RNA isolation was performed as described (Taubert et al., 2006), with an added sonication step of the Trizol suspension to improve RNA yield. 2 μg total RNA was used to generate cDNA with superscript II reverse transcriptase (Invitrogen 18064-014), random primers (Invitrogen 48190-011), dNTPs (Fermentas R0186), and RNAseOUT (Invitrogen 10777-019). qPCR was performed in 30 μL reactions using Taq (Invitrogen 18038-240) and an Applied Biosystems StepOnePlus machine. We analyzed data with the math formula method. For each sample, we calculated normalization factors by averaging the (sample expression)/(reference expression) ratios of three or four normalization genes, as indicated; the reference was control(RNAi), WT, or untreated, as appropriate. We used nonparametric Mann–Whitney tests to calculate statistical significance of gene expression changes. Primers were tested on serial cDNA dilutions and analyzed for PCR efficiency (sequences in Table S9).
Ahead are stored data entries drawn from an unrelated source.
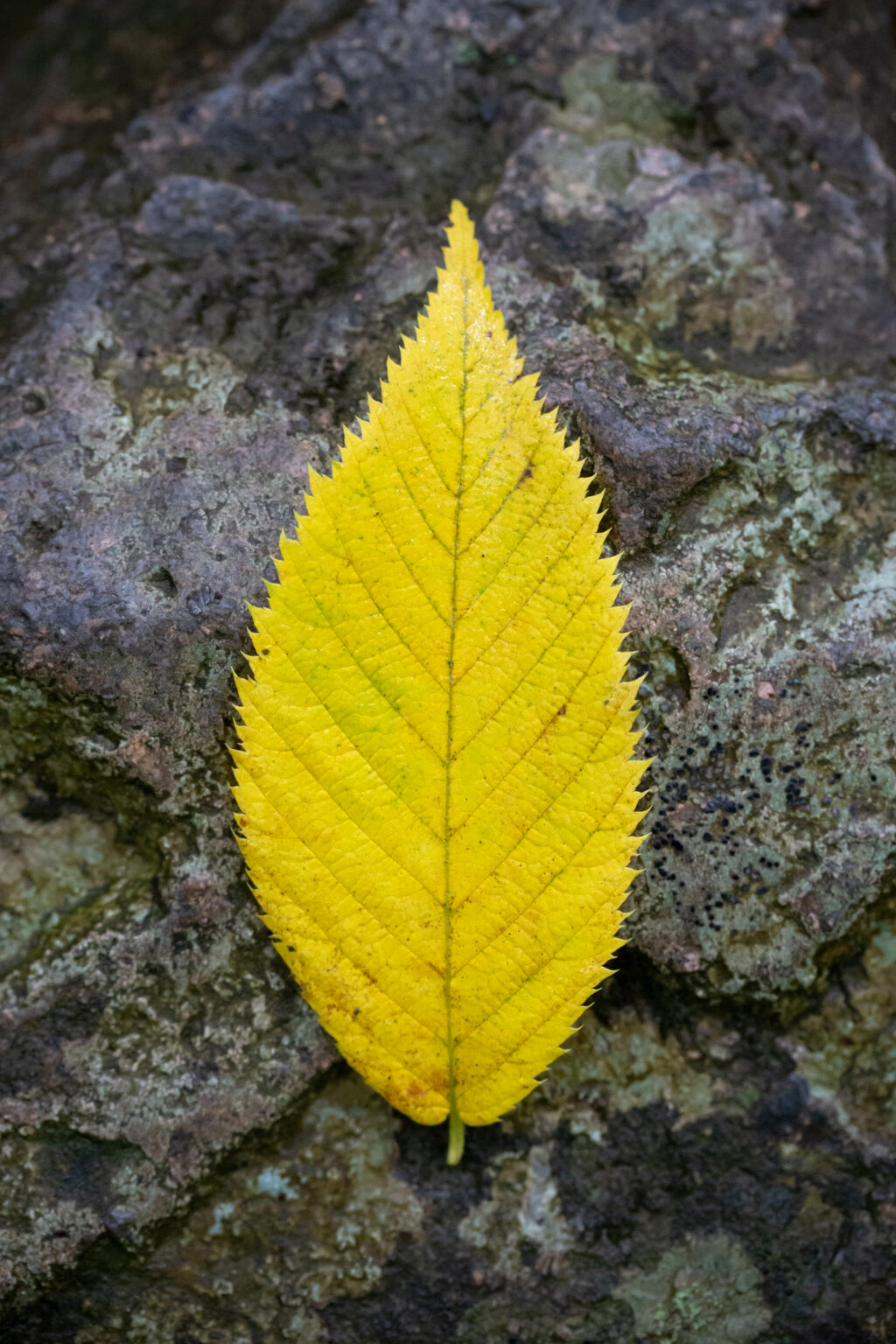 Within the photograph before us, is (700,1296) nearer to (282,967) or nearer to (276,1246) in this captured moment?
(276,1246)

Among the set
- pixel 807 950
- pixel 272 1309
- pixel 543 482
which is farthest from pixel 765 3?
pixel 272 1309

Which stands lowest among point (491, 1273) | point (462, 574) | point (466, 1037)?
point (491, 1273)

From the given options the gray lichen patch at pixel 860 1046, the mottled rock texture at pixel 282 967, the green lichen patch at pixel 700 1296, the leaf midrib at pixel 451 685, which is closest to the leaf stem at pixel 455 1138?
the mottled rock texture at pixel 282 967

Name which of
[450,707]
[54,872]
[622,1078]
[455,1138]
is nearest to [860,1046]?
[622,1078]

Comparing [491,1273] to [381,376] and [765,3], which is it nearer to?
[381,376]

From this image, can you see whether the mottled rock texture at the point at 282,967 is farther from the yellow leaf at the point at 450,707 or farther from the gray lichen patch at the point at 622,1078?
the yellow leaf at the point at 450,707

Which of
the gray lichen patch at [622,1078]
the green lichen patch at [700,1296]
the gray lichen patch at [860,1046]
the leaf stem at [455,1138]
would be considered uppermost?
the leaf stem at [455,1138] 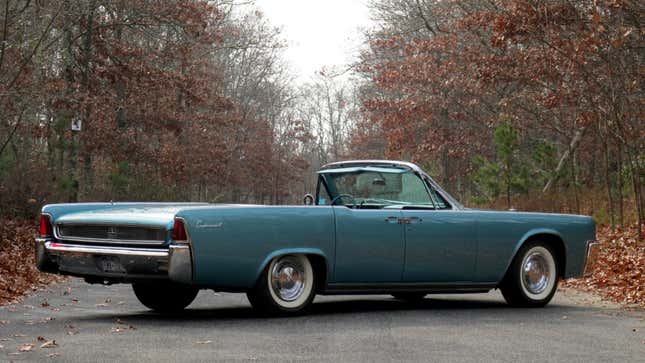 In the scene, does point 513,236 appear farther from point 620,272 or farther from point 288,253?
point 620,272

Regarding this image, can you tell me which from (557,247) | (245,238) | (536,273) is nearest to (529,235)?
(536,273)

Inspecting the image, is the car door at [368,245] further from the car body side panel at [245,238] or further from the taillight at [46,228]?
the taillight at [46,228]

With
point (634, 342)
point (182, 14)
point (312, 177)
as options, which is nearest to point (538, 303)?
point (634, 342)

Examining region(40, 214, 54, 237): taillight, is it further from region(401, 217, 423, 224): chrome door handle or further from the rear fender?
region(401, 217, 423, 224): chrome door handle

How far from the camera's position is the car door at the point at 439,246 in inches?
433

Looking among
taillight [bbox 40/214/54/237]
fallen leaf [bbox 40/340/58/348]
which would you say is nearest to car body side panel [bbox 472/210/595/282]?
taillight [bbox 40/214/54/237]

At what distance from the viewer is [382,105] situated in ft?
122

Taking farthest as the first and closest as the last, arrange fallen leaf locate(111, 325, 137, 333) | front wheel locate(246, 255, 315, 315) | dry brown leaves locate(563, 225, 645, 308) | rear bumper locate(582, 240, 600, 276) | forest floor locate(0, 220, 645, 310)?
dry brown leaves locate(563, 225, 645, 308) < forest floor locate(0, 220, 645, 310) < rear bumper locate(582, 240, 600, 276) < front wheel locate(246, 255, 315, 315) < fallen leaf locate(111, 325, 137, 333)

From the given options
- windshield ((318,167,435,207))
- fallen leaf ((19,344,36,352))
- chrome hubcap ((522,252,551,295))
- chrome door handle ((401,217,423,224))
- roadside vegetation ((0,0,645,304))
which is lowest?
fallen leaf ((19,344,36,352))

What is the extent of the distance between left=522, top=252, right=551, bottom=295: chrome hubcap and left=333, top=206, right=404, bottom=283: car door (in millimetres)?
1722

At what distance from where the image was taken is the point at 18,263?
17.1 metres

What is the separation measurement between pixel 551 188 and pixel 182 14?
34.9ft

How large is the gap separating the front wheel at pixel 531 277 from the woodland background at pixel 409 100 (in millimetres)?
4792

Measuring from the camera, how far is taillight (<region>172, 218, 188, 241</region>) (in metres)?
9.41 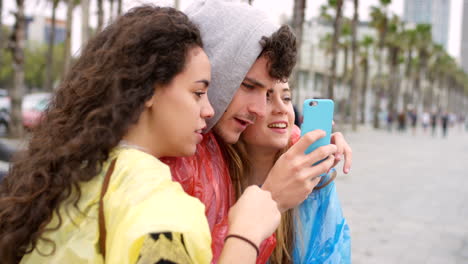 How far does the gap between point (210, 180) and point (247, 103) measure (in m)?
0.30

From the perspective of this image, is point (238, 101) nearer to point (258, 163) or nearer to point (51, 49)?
point (258, 163)

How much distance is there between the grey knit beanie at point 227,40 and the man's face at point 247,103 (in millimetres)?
63

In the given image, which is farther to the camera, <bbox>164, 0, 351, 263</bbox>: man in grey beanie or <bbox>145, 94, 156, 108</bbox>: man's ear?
<bbox>164, 0, 351, 263</bbox>: man in grey beanie

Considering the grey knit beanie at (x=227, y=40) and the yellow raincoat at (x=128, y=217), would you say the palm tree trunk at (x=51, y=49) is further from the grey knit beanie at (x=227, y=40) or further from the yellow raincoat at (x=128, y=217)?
the yellow raincoat at (x=128, y=217)

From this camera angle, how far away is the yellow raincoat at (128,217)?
3.28 ft

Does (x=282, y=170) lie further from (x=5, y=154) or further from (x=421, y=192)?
(x=421, y=192)

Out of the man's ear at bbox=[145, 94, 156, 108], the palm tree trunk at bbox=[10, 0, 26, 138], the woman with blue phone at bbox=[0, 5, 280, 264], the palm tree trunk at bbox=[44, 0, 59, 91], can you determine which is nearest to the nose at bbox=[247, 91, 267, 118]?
the woman with blue phone at bbox=[0, 5, 280, 264]

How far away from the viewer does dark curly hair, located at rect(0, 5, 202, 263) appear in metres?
1.15

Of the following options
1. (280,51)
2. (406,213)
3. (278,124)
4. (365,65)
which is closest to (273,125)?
(278,124)

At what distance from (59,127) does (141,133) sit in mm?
220

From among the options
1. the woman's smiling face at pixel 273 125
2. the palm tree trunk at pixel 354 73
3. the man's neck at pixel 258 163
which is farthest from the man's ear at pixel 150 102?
the palm tree trunk at pixel 354 73

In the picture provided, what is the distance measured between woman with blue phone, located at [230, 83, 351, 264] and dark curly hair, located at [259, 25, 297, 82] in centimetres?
15

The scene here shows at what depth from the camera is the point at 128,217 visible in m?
1.01

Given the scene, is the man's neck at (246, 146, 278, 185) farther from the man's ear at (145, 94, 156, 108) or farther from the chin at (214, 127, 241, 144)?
the man's ear at (145, 94, 156, 108) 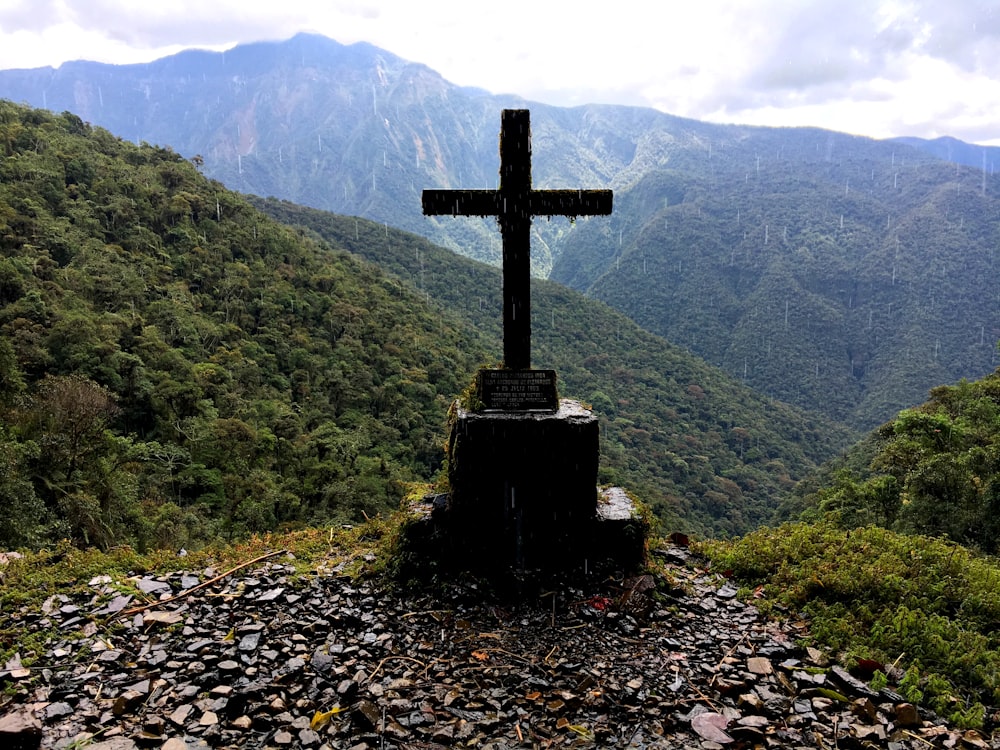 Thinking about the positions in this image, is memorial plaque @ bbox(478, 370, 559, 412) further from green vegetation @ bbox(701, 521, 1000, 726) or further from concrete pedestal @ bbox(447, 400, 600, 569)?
green vegetation @ bbox(701, 521, 1000, 726)

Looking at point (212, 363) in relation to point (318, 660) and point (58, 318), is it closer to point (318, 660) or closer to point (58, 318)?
point (58, 318)

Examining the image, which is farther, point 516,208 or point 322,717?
point 516,208

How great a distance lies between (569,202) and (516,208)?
24.1 inches

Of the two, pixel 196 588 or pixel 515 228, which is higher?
pixel 515 228

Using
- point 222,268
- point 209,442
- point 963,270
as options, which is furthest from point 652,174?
point 209,442

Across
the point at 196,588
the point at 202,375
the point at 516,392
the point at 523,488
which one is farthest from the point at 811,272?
the point at 196,588

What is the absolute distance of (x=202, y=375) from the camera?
86.5 feet

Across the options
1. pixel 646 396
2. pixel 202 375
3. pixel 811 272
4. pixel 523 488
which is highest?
pixel 811 272

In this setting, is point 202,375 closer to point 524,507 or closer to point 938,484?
point 524,507

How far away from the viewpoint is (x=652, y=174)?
196 meters

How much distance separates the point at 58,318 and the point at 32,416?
435 inches

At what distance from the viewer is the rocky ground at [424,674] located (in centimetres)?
369

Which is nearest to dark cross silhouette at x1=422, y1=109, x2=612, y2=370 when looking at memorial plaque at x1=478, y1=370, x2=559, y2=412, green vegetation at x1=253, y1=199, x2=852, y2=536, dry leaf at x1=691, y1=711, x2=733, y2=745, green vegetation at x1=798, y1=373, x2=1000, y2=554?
memorial plaque at x1=478, y1=370, x2=559, y2=412

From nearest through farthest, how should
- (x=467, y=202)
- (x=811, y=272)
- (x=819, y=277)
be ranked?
(x=467, y=202) → (x=819, y=277) → (x=811, y=272) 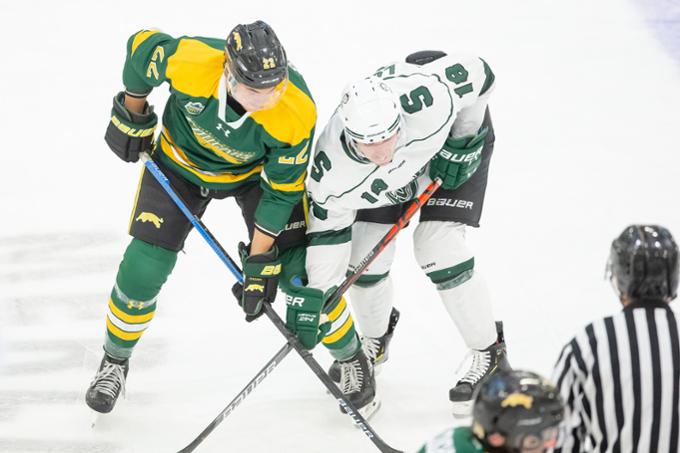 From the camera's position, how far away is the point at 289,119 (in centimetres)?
296

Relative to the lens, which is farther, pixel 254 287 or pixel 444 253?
pixel 444 253

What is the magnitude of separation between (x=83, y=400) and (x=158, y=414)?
0.83 feet

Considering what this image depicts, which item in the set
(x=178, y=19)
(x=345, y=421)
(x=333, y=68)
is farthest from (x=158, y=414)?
(x=178, y=19)

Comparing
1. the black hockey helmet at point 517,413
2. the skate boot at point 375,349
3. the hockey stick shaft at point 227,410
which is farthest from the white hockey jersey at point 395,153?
the black hockey helmet at point 517,413

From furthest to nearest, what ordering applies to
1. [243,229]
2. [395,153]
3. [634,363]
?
[243,229], [395,153], [634,363]

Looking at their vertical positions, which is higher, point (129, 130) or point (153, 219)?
point (129, 130)

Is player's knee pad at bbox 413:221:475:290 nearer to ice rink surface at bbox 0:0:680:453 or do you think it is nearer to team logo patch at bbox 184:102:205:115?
ice rink surface at bbox 0:0:680:453

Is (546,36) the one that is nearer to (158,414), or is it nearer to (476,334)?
(476,334)

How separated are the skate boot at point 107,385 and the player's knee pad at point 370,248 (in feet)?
2.61

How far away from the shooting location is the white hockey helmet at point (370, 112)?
9.43 ft

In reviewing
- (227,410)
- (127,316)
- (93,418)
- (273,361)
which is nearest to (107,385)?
(93,418)

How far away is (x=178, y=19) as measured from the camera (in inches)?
217

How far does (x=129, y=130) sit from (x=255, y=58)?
57 cm

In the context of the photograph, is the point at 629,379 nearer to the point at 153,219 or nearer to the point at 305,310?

DIC and fluorescence microscopy

Worms were transferred onto 2% (w/v) agarose pads for microscopy. We captured images on a CoolSnap HQ camera (Photometrics, Tucson, AZ, USA) attached to a Zeiss Axioplan 2 compound microscope (Carl Zeiss Microscopy, Thornwood, NY, USA) and used MetaMorph Imaging Software with Autoquant 3D (Molecular Devices, LLC, Sunnyvale, CA, USA) digital deconvolution for image acquisition.

Yeast-two-hybrid assays and immunoblots

To estimate relative interaction strength, we transformed plasmid pairs into strain Y187 (Clontech, Mountain View, CA, USA) and performed liquid β-galactosidase assays as described (Taubert et al., 2006) using an OmegaStar plate reader (BMG Labtech, Ortenberg, Germany). Each assay included at least four technical replicates and was repeated three or more times. Western blots to detect protein expression in yeast and in C. elegans were carried out as described (Taubert et al., 2006) using Myc (Santa Cruz sc-40, Santa Cruz, CA, USA), Gal4AD (Clontech 630402, Mountain View, CA, USA), β-actin (Cell Signaling Technologies, Danvers, MA, USA), and MDT-15 (Taubert et al., 2006) antibodies.

Acknowledgments

Some strains were provided by the CGC, which is funded by NIH Office of Research Infrastructure Programs (P40 OD010440). We thank Dr. K. P. Choe for providing wdr-23(tm1817) mutants and SKN-1 plasmids, Dr. T. K. Blackwell for discussions, Dr. J. D. Ward for comments on the manuscript, and the Taubert lab for input. ST holds a Canada Research Chair and obtains support from CIHR (MOP-93713), CFI, UBC, CMMT, and CFRI. GG was supported by a UBC scholarship, KP by UBC and CFRI scholarships, and AM by a CFRI fellowship.

Author contributions

GG and ST conceived and designed the experiments. GG, KM, KP, AK, MW, AM, and ST performed experiments and analyzed data, NH provided intellectual input, GG and ST wrote the paper.

Conflict of interest

The authors declare no conflict of interests.